━━ THE DATA
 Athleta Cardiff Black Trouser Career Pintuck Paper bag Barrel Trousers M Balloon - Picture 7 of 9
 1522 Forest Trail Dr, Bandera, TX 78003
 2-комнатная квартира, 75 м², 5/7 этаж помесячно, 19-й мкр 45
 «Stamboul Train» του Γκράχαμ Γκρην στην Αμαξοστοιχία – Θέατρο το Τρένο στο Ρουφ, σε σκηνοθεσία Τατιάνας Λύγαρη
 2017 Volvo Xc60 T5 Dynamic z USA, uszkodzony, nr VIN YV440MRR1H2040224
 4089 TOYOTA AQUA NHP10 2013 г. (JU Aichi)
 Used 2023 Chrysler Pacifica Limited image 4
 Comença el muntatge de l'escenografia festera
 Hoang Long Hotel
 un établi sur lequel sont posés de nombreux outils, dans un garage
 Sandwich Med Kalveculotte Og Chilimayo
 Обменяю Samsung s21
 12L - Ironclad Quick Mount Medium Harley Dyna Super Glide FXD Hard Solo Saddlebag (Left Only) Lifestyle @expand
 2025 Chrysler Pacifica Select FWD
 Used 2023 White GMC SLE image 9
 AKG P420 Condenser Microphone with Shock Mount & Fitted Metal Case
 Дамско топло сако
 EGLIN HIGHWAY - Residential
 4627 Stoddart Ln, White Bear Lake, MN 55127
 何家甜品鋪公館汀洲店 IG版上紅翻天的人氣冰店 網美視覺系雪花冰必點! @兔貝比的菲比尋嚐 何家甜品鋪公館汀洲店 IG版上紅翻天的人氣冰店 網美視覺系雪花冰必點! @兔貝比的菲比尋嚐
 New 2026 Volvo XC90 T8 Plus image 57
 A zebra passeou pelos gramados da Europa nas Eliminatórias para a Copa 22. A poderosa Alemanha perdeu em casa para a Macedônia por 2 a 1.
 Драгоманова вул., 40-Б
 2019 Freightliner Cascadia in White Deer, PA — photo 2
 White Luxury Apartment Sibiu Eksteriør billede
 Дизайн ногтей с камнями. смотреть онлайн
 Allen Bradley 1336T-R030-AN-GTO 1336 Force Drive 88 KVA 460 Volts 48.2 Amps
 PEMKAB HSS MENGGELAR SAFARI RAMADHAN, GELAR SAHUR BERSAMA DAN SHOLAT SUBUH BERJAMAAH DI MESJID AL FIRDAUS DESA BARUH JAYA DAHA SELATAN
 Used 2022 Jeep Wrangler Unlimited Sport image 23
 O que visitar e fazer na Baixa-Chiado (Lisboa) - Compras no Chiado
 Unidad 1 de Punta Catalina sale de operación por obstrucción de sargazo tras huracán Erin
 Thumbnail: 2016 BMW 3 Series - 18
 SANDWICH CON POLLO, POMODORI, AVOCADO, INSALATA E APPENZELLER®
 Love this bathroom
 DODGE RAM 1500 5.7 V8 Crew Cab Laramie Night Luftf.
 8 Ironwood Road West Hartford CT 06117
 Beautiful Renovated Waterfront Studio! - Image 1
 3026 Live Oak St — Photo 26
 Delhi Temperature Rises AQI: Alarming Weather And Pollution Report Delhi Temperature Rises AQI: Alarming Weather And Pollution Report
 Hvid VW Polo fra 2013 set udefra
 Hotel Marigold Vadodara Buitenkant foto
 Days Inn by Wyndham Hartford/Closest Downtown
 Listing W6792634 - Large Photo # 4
━━━━
● TASK STATEMENT
In the entries above, the lines between the one holding "Hoang Long Hotel" and the one holding "AKG P420 Condenser", inclusive, are to be printed exactly as written, and those alone.

● TASK RESPONSE
 Hoang Long Hotel
 un établi sur lequel sont posés de nombreux outils, dans un garage
 Sandwich Med Kalveculotte Og Chilimayo
 Обменяю Samsung s21
 12L - Ironclad Quick Mount Medium Harley Dyna Super Glide FXD Hard Solo Saddlebag (Left Only) Lifestyle @expand
 2025 Chrysler Pacifica Select FWD
 Used 2023 White GMC SLE image 9
 AKG P420 Condenser Microphone with Shock Mount & Fitted Metal Case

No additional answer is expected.